» Material provided:

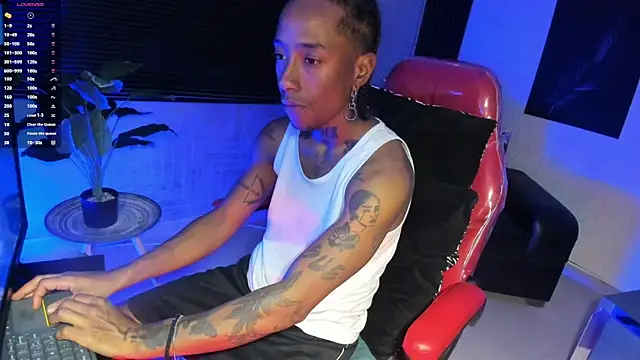 JhonyMiller  online show from 10/31/25, 07:43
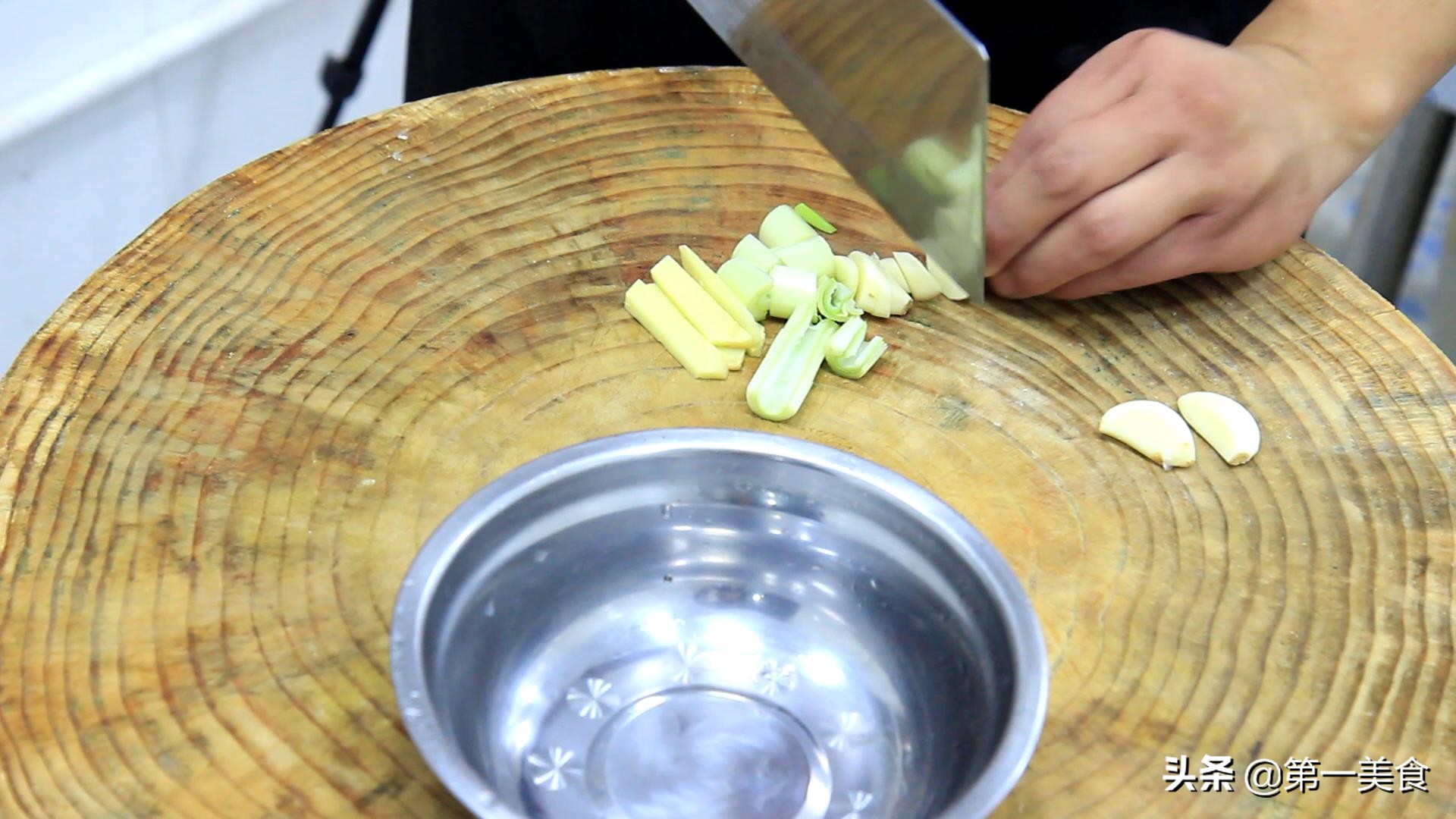 糖醋鱼块红烧鱼块的家常做法简单,湖南香辣鱼块的正宗红烧鱼块做法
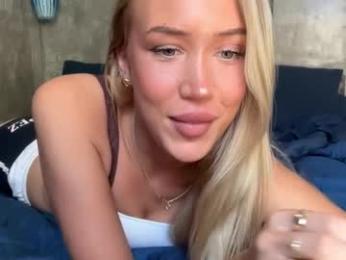 livslifee — Chaturbate stream photo (Mar 2026)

» Brief:
Could you repeat each line above exactly as written? Omit the pictures.

» Exercise solution:
 JhonyMiller  online show from 10/31/25, 07:43
 糖醋鱼块红烧鱼块的家常做法简单,湖南香辣鱼块的正宗红烧鱼块做法
 livslifee — Chaturbate stream photo (Mar 2026)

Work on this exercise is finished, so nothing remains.